Instructions for the task:
All lines after the one containing "Regis Condo Siena Bagian luar foto", together with that line itself, should be written out exactly, down to the last line of the entries below.
────────────────────────────────────────
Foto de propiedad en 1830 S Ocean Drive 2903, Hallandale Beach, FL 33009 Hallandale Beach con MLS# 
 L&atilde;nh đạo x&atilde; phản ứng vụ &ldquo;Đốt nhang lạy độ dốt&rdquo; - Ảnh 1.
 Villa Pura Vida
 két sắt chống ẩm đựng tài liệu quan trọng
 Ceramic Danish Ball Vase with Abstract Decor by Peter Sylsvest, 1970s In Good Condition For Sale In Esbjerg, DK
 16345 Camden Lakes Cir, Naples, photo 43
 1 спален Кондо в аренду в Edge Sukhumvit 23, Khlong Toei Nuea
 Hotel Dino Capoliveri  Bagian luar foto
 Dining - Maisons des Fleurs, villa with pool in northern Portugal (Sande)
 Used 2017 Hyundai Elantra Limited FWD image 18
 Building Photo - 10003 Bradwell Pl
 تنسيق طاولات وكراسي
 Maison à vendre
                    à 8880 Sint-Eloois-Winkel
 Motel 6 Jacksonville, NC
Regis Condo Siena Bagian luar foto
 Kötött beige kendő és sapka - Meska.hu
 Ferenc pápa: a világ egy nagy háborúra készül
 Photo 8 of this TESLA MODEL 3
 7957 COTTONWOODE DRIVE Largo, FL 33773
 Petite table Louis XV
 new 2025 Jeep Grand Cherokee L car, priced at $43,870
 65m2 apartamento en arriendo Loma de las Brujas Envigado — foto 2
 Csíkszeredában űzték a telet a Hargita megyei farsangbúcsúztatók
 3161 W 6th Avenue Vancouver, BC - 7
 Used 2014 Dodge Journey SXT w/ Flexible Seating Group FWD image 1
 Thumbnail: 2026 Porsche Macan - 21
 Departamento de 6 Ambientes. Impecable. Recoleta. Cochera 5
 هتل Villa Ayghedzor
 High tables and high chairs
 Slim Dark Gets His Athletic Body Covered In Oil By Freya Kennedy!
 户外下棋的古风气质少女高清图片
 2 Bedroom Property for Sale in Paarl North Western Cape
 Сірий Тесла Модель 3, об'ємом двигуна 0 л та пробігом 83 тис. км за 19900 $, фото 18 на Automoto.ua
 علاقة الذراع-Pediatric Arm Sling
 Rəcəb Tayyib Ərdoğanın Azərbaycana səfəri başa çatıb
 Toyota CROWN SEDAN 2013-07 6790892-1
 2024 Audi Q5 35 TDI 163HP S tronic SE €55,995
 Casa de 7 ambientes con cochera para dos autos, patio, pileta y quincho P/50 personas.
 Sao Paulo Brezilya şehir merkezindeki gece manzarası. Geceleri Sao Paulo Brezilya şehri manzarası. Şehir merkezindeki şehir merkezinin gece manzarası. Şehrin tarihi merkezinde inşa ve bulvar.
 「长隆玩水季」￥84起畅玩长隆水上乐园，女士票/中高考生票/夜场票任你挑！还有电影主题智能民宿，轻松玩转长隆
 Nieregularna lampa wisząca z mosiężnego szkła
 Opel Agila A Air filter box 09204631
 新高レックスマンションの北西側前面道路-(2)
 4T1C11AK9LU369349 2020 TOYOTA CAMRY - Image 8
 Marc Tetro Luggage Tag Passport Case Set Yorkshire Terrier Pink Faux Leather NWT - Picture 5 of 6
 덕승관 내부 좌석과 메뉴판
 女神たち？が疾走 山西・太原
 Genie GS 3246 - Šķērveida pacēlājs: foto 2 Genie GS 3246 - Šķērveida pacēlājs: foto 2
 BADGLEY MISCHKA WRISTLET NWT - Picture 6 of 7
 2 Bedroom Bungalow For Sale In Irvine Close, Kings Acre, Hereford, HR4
────────────────────────────────────────
Task response:
Regis Condo Siena Bagian luar foto
 Kötött beige kendő és sapka - Meska.hu
 Ferenc pápa: a világ egy nagy háborúra készül
 Photo 8 of this TESLA MODEL 3
 7957 COTTONWOODE DRIVE Largo, FL 33773
 Petite table Louis XV
 new 2025 Jeep Grand Cherokee L car, priced at $43,870
 65m2 apartamento en arriendo Loma de las Brujas Envigado — foto 2
 Csíkszeredában űzték a telet a Hargita megyei farsangbúcsúztatók
 3161 W 6th Avenue Vancouver, BC - 7
 Used 2014 Dodge Journey SXT w/ Flexible Seating Group FWD image 1
 Thumbnail: 2026 Porsche Macan - 21
 Departamento de 6 Ambientes. Impecable. Recoleta. Cochera 5
 هتل Villa Ayghedzor
 High tables and high chairs
 Slim Dark Gets His Athletic Body Covered In Oil By Freya Kennedy!
 户外下棋的古风气质少女高清图片
 2 Bedroom Property for Sale in Paarl North Western Cape
 Сірий Тесла Модель 3, об'ємом двигуна 0 л та пробігом 83 тис. км за 19900 $, фото 18 на Automoto.ua
 علاقة الذراع-Pediatric Arm Sling
 Rəcəb Tayyib Ərdoğanın Azərbaycana səfəri başa çatıb
 Toyota CROWN SEDAN 2013-07 6790892-1
 2024 Audi Q5 35 TDI 163HP S tronic SE €55,995
 Casa de 7 ambientes con cochera para dos autos, patio, pileta y quincho P/50 personas.
 Sao Paulo Brezilya şehir merkezindeki gece manzarası. Geceleri Sao Paulo Brezilya şehri manzarası. Şehir merkezindeki şehir merkezinin gece manzarası. Şehrin tarihi merkezinde inşa ve bulvar.
 「长隆玩水季」￥84起畅玩长隆水上乐园，女士票/中高考生票/夜场票任你挑！还有电影主题智能民宿，轻松玩转长隆
 Nieregularna lampa wisząca z mosiężnego szkła
 Opel Agila A Air filter box 09204631
 新高レックスマンションの北西側前面道路-(2)
 4T1C11AK9LU369349 2020 TOYOTA CAMRY - Image 8
 Marc Tetro Luggage Tag Passport Case Set Yorkshire Terrier Pink Faux Leather NWT - Picture 5 of 6
 덕승관 내부 좌석과 메뉴판
 女神たち？が疾走 山西・太原
 Genie GS 3246 - Šķērveida pacēlājs: foto 2 Genie GS 3246 - Šķērveida pacēlājs: foto 2
 BADGLEY MISCHKA WRISTLET NWT - Picture 6 of 7
 2 Bedroom Bungalow For Sale In Irvine Close, Kings Acre, Hereford, HR4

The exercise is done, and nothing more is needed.